Please contact if you have any enquiries.


The Department of Paediatrics offers a variety of doctoral opportunities across its research themes. Take a look at the outlines of prospective DPhil projects - and please get in touch with the relevant supervisor to discuss the details.

Impact of immunisation on pharyngeal carriage of meningococcus and pneumococcus

Efficacy and correlates of protection with a new paratyphoid vaccine in a controlled human infection model

Supervisor: Professor Andrew Pollard

The project will examine the potential efficacy of a new paratyphoid vaccine using a controlled human infection model. Human volunteers will be vaccinated with a new paratyphoid vaccine and then challenged with wild-type Salmonella Paratyphi by mouth in a bicarbonate solution. The volunteers will be closely monitored for 2 weeks, and treated either on developing infection or at 2 weeks if no infection is detected. We will examine antibody and cellular responses to ascertain the immune mechanisms associated with protection. The study will involve state-of-the-art cellular and serological techniques to provide new insights into immunity against this neglected disease.

Contact details: Andrew Pollard  

Applications by: 10th January 2020

Further information: The Oxford Vaccine Group is an interdisciplinary research environment with expertise form vaccine design and development through translation in to human studies, through phase 1-IV clinical evaluation and human challenge studies, and vaccine evaluation in the laboratory using state pf the art technology. Work on enteric fever is a major focus of the group with the aim of improving health among some of the most vulnerable populations through vaccine prevention of typhoid and paratyphoid.

Jin, C., Gibani MM, Moore M, Juel HB, Jones E, Meiring J, Harris V, Gardner J, Nebykova A, Kerridge SA, Hill J, Thomaides-Brears H, Blohmke CJ, Yu LM, Angus B and A. J. Pollard (2017). "Efficacy and immunogenicity of a Vi-tetanus toxoid conjugate vaccine in the prevention of typhoid fever using a controlled human infection model of Salmonella Typhi: a randomised controlled, phase 2b trial." Lancet 2017 Dec 2;390(10111):2472-2480


Functional properties of typhoid antibodies in endemic and non-endemic populations

Supervisor(s): Professor Andrew Pollard and Dr Jennifer Hill

Project outline: Antibodies against the Vi capsular polysaccharide of Salmonella Typhi generated in response to vaccination are protective against infection. Early indications from a human challenge study suggest IgA and antibody-mediated neutrophil phagocytosis of bacteria in particular may be highly important in conferring protection. Using high throughput antibody functionality assays, profiles following typhoid vaccination both in endemic and non-endemic populations will be explored. The project will test whether environmental exposure to S. Typhi and repeated vaccination result in maturation of effector profiles, and identify potential population differences in vaccine response. These data will support assessment of the impact of vaccination programs globally as well as shedding light on factors involved in antibody effector profile maturation.
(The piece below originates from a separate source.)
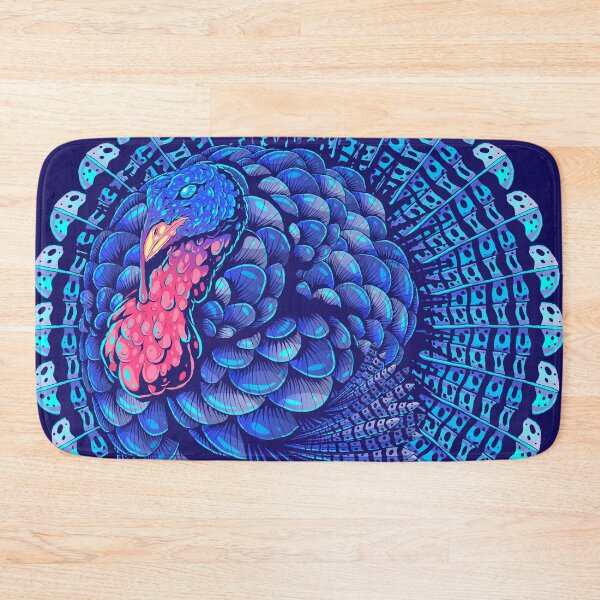Item preview, Turkey designed and sold by Fernando Nunes.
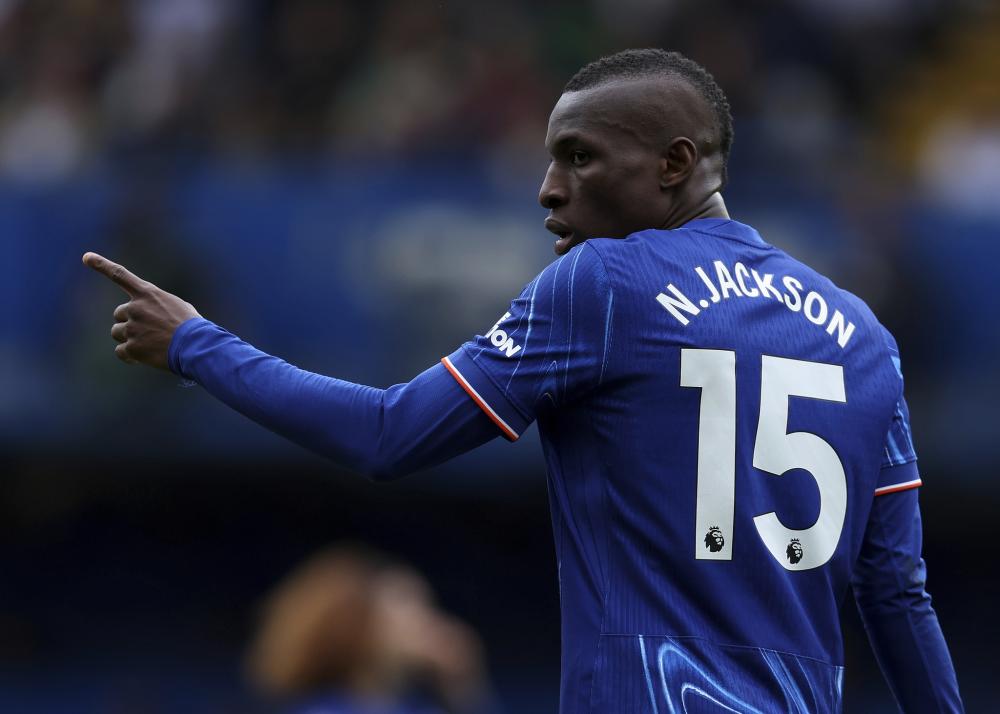 无疑是公牛 无疑是公牛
Contact details: Jennifer Hill

Applications by: 11th January 2019

Further information: The Oxford Vaccine Group (OVG) carries out research into novel vaccines to prevent infectious diseases. Uniquely OVG conducts human challenge studies for typhoid and paratyphoid in order to accelerate vaccine development and facilitate exploration of the immunology of infection. In addition the group is a member of consortia involved in overseas typhoid surveillance and vaccination trials; well positioned to explore findings from human challenge trials in (para)typhoid endemic populations and vice versa.
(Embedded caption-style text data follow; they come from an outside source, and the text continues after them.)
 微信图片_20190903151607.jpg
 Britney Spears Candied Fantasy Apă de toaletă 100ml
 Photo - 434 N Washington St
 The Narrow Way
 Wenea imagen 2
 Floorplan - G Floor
Jin, C., Gibani MM, Moore M, Juel HB, Jones E, Meiring J, Harris V, Gardner J, Nebykova A, Kerridge SA, Hill J, Thomaides-Brears H, Blohmke CJ, Yu LM, Angus B and A. J. Pollard (2017). "Efficacy and immunogenicity of a Vi-tetanus toxoid conjugate vaccine in the prevention of typhoid fever using a controlled human infection model of Salmonella Typhi: a randomised controlled, phase 2b trial." Lancet 2017 Dec 2;390(10111):2472-2480



Development of a novel vaccine to protect against plague: exploration of optimal viral vectored vaccines use in humans

Supervisor: Dr Christine Rollier  

Project outline: The Oxford Vaccine Group has created a novel vaccine to tackle plague epidemics, based on the use of an adenovirus vectored platform. The new vaccine will be entering phase I clinical trial in September 2019, to assess its safety and immunogenicity in healthy adults. We will test the hypothesis that a single dose is sufficient to induce functional immune responses in naives individuals, and characterise the innate immune signals associated with immunogenicity. In this project, we will also investigate new delivery modalities, including mucosal needle-free delivery platforms and judicious prime-boosting approaches that may be critical in extending the use of this vaccine platform in humans.

The project involves techniques in human immunology using a range of established and cutting edge technologies, combining ex vivo and in vitro experiments, and including fluorospot (B and T-cell responses), flow cytometry, neutralisation assays. The ultimate aim is to progress an innovative vaccine to prevent infections caused by Y. pestis (the plague) to the target populations.  

Contact details: Christine Rollier 

Applications by: 11th January 2019

Further information: The focus of the group is the pre-clinical and early clinical development of new or improved vaccines against infectious diseases affecting vulnerable populations (children and developing countries), and if successful to progress these vaccines to clinical development (GMP production and clinical trials). We aim to understand the mechanisms supporting the induction of functional and protective antibody responses using different vaccine technologies against the bacterial diseases. 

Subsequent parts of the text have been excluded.